Gestern, am achten Tag des Streiks, den ursprünglich die winzige autonome Lokfahrergewerkschaft FFGAAC (3,18 Prozent bei den letzten Betriebsratswahlen bei der nationalen französischen Bahngesellschaft SNCF im März 1998) ausgerufen hatte und den zunächst nur die kleine linke Gewerkschaft SUD-Rail unterstützte, wuchs die Bewegung noch weiter an. Bei Abstimmungen an Bahnhöfen und Betriebsstätten im ganzen Land stimmten auch zahlreiche Mitglieder von nicht streikenden Gewerkschaften für eine Fortsetzung des Arbeitskampfes. Rund die Hälfte des Langstreckenverkehrs in Frankreich und ein beträchtlicher Teil des Pariser Vorortverkehrs lagen gestern lahm.
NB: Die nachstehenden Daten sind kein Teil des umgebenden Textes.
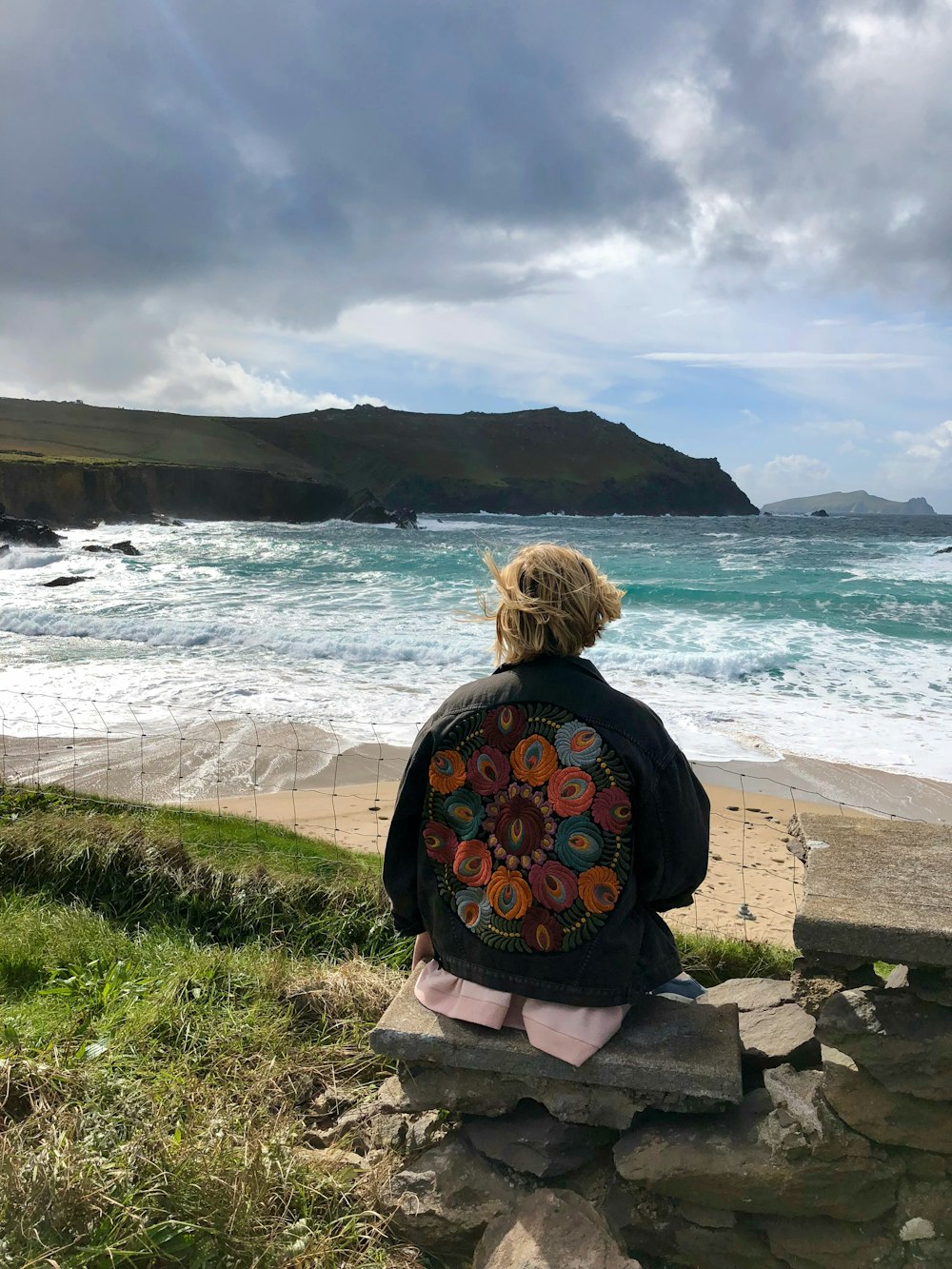 woman in black and gray jacket sitting on gray concrete bench looking at the sea during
Angesichts des Drucks von der Basis blieb den Spitzen der großen Gewerkschaften im Eisenbahnbereich nichts anderes übrig, als sich ihrerseits anzuschließen. Nach langem Zögern ruft jetzt auch die Eisenbahnergewerkschaft CGT (45,81 Prozent bei den letzten Wahlen) zu einer 36stündigen Arbeitsniederlegung für kommenden Montag auf. Die CFDT (19,6 Prozent) will abwarten, ob SNCF-Chef Louis Gallois nicht doch Zugeständnisse macht. Die FO (5,61 Prozent) veröffentlichte bereits am Dienstag einen generellen Sreikaufruf.

Anlaß für den Streik ist ein Plan zur Einführung der 35-Stunden-Woche, den SNCF-Chef Gallois vorgelegt hat. Die großen Gewerkschaften fanden den Plan ursprünglich verhandlungsfähig. Als herauskam, daß mit dieser 35-Stunden-Woche bloß 4.000 bis maximal 6.000 zusätzliche Arbeitsplätze in dem riesigen Unternehmen SNCF (174.000 Beschäftigte) geschaffen würden, gingen die ersten Eisenbahner auf die Barrikaden. SUD-Rail verlangte 12.500 neue Arbeitsplätze – zusätzlich zu den routinemäßigen Neueinstellungen wegen Verrentungen etc. Die CGT verlangte, daß nicht nur wie ursprünglich geplant im Dienstleistungsbereich, sondern auch in den Werkstätten neue Jobs geschaffen werden.

SNCF-Chef Gallois, der den Streik als einen „Rückschritt im sozialen Dialog“ bezeichnet, wartete trotz seiner angeblichen Dialogbereitschaft sieben lange Tage ab, bevor er am Dienstag erklärte, man könne jetzt doch „nachverhandeln“. Derweil war am achten Tag des Streiks gestern das Chaos auf den meisten Bahnhöfen des Landes komplett. Zahlreiche Pendler mußten wieder einmal im Morgengrauen aufstehen und kamen erst spät nachts wieder zu Hause an, da der Zugverkehr so reduziert war. Dennoch hielten sich die Proteste von Zugbenutzern in Grenzen. Wie üblich verstehen viele Franzosen Streiks der Eisenbahner als „Stellvertreterstreiks“. Dahinter steht die bittere Erfahrung, daß wenn selbst die gewerkschaftlich hoch organisierten und nur schwer kündbaren Eisenbahner ihre sozialen Vorteile nicht mehr verteidigen können, es für die Beschäftigten im Privatsektor erst recht zappenduster aussieht.